Maduro caccia dal Venezuela i diplomatici argentini dopo lo scontro verbale con Milei
Il governo argentino ha ricusato l’"ostilità" nei confronti della sua ambasciata in Venezuela, ritenendo il governo di Nicolás Maduro responsabile di una presunta interruzione di corrente nella sede diplomatica, nella quale sei venezuelani, collaboratori della leader dell’opposizione María Corina Machado, hanno ottenuto asilo. In una nota ufficiale, il Ministero degli Esteri venezuelano ha ordinato di "sfrattare l'ambasciata argentina a Caracas in 72 ore". Il documento porta la data di lunedì, quindi il termine formale dovrebbe scadere oggi.
Manuel Adorni, portavoce del governo argentino di Javier Miei, ha chiarito che il ritiro del suo personale diplomatico includerà anche i sei oppositori venezuelani cui è stato dato asilo nella sede diplomatica il 20 marzo scorso. E il Ministero degli Esteri ha messo in guardia contro «qualsiasi azione deliberata che metta in pericolo la sicurezza del personale diplomatico argentino e dei cittadini venezuelani sotto protezione».
In questa vicenda, l’Argentina si appella alla “Convenzione sull'asilo diplomatico” adottata a Caracas nel 1954, che, in uno dei suoi articoli, stabilisce: «se a causa di una rottura dei rapporti il rappresentante diplomatico che ha concesso l'asilo deve lasciare lo Stato territoriale, partirà con i richiedenti asilo». E aggiunge che, se ciò non è possibile, «per ragioni indipendenti dalla volontà del richiedente asilo o dell'agente diplomatico, quest'ultimo dovrà consegnarlo alla rappresentanza di uno Stato terzo parte della presente Convenzione, con le garanzie ivi stabilite"».
La lettera del 29 luglio del Ministero degli Esteri venezuelano, invece, oltre a intimare «il ritiro dal nostro Paese dei funzionari diplomatici e consolari argentini entro un termine massimo di 72 ore a partire da questa data», avverte che il ritiro della missione diplomatica «riguarda esclusivamente il personale argentino, che avrà tutte le garanzie per il ritiro immediato dal territorio nazionale e non ha alcun legame con «la presenza di cittadini venezuelani asilo in quella missione diplomatica dal 20 marzo 2024».

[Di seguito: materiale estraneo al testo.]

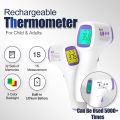 AiQUE Rechargeable Infrared Thermometer Forehead Digital Non-Contact medical Termometro Body Fever Baby/Adult Temperature. 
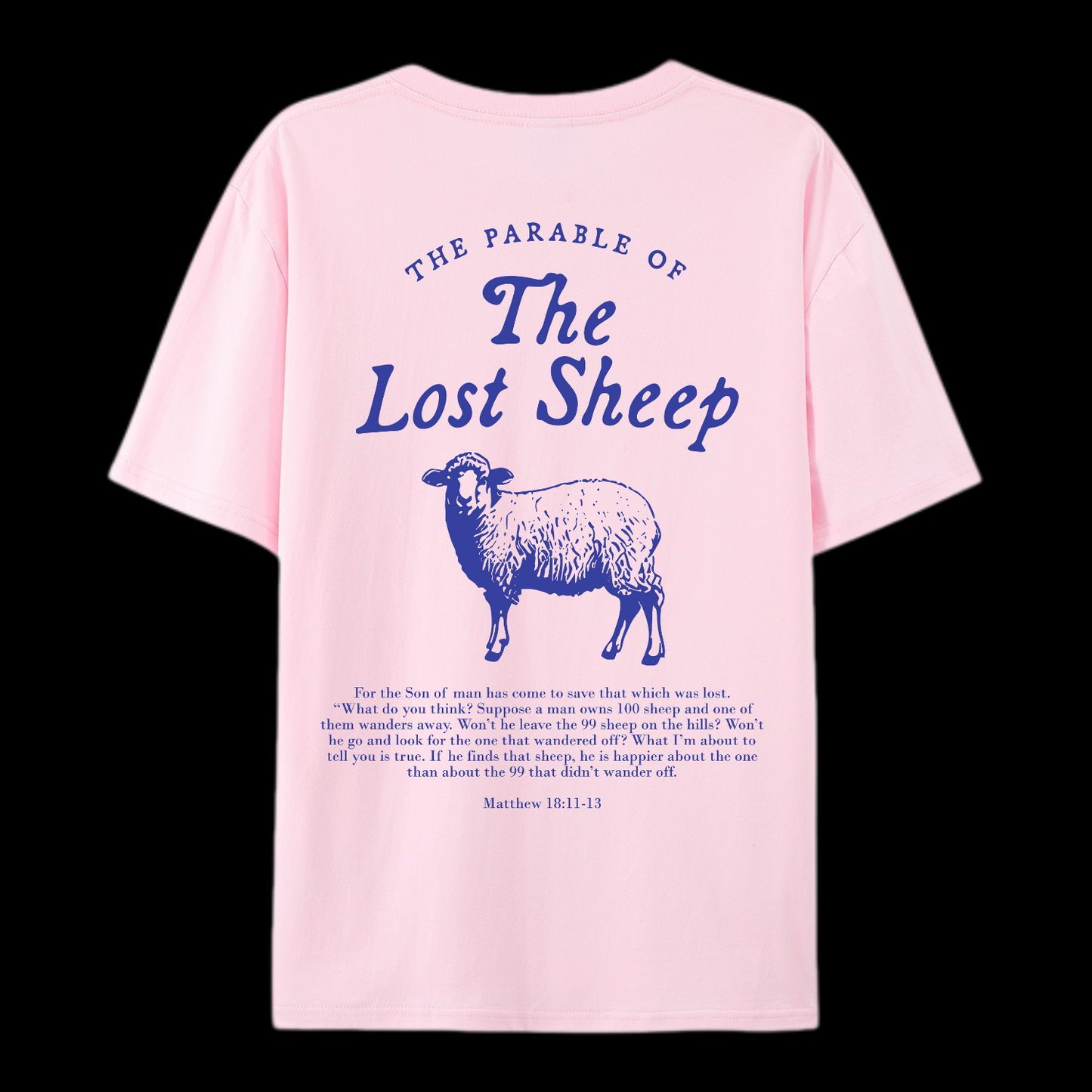 The Parable Of The Lost Sheep Cotton T-Shirt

L’Argentina è uno dei sei Paesi dell’America Latina che hanno apertamente messo in dubbio la vittoria di Maduro alle elezioni del 28 luglio e cui il presidente “uscente” venezuelano ha chiesto di ritirare i loro rappresentanti diplomatici ripudiando le «azioni dichiarazioni di interferenze» riguardo al processo elettorale.
Maduro e Javier Milei si erano peraltro presi a male parole al termine della giornata elettorale. «Dittatore Maduro, fuori!!!», aveva scritto sul social network X il presidente argentino supponendo che la vittoria sarebbe andata al contendente di Milei Edmundo González Urrutia, e aggiungeva: «I venezuelani hanno scelto di porre fine alla dittatura comunista di Nicolás Maduro. I dati annunciano una vittoria schiacciante per l'opposizione e il mondo aspetta che si riconosca la sconfitta dopo anni di socialismo, miseria, decadenza e morte»; «L'Argentina non riconoscerà un'altra frode e spera che le Forze Armate questa volta difendano la democrazia e la volontà popolare. La libertà avanza in America Latina» (allusione a “La Libertad avanza”, il movimento ultraliberale di Milei).
Prontissima la risposta di Maduro riportata dall’agenzia spagnola Efe: «Vile, non mi sopporti neanche per un attimo!». E durante il discorso con il quale si è proclamato vincitore ha ancora punzecchiato l’omologo argentino esclamando «No al nazi-fascista di Milei!».